CMSC 28000 — Lecture 3

Now, we can begin to think about the kinds of problems that finite automata can solve. As a first example, we'll consider the language $$ L = \{w \in \{0,1\} \mid \text{$w$ is the binary representation of a number that is divisible by 3} \}.$$ In other words, this language describes the decision problem of whether a number is divisible by 3.

Let's build a DFA that recognizes this language. Let $A = (Q,\Sigma,\delta,q_0,F)$, where

Let's think about how this machine should work. The DFA works by reading a string from left to right, which means that it'll be reading the most significant bit first. The natural way to think about this problem, then, is to consider what our input modulo 3 should be. Obviously, we want to accept a string if and only if it corresponds to an integer that's equivalent to $0 \bmod 3$. Keeping this in mind, having each state for the different possibilities modulo 3 seems like a reasonable idea.
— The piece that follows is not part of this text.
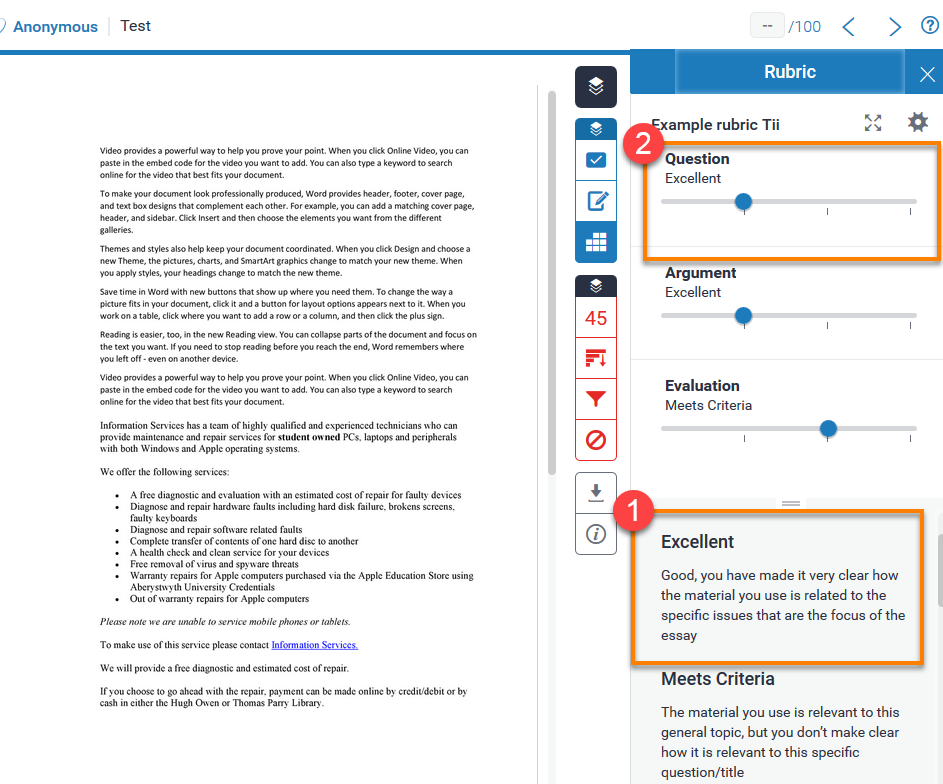 Compact Scale Rubric and description shown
There are a few caveats we should consider. First, how should we interpret $\varepsilon$? Since we begin in state 0, we're interpreting $\varepsilon$ as 0. For our purposes, this is fine. But if we didn't want to accept this interpretation, then we would need to add an extra state to handle this case. Similarly, we can ask the question of whether we'd like to allow inputs with leading zeroes and we would have to adjust our DFA accordingly.
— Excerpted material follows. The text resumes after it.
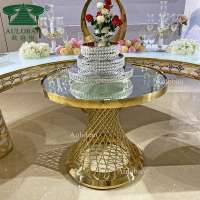 new design party event mirror glass top gold stainless steel luxury cake table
Now, suppose we've read a string $w$ and now we want to read either a $0$ or a $1$. We just have to remember a bit about binary math. Let $(w)_2$ denote the integer that $w$ represents in binary. Then, $$(w0)_2 = 2 \cdot (w)_2 \quad \text{and} \quad (w1)_2 = 2 \cdot (w)_2 + 1.$$ With this in mind, we just need to think about how reading a new bit will change our result modulo 3. We can summarize the changes to $(w)_2 \bmod 3$ in the following table:

Now, this looks suspiciously like a transition table. If $q = (w)_2 \bmod 3$ is the state that we're in, then we have $\delta(q,a) = 2 \cdot q + a \bmod 3$ and this corresponds exactly with our definition of $A$ from above. Let's prove this formally.

	$0$	$1$
$0$	$0$	$1$
$1$	$2$	$0$
$2$	$1$	$2$

$(w)_2 \bmod 3$	$(w0)_2 \bmod 3$	$(w1)_2 \bmod 3$
$0$	$0$	$1$
$1$	$2$	$0$
$2$	$1$	$2$

Let $(w)_2$ denote the integer represented by the binary string $w$. We claim that a string $w$ reaches state $i$ if and only if $(w)_2 = i \bmod 3$, for $i = 0,1,2$. We will show this by induction on the length of $w$.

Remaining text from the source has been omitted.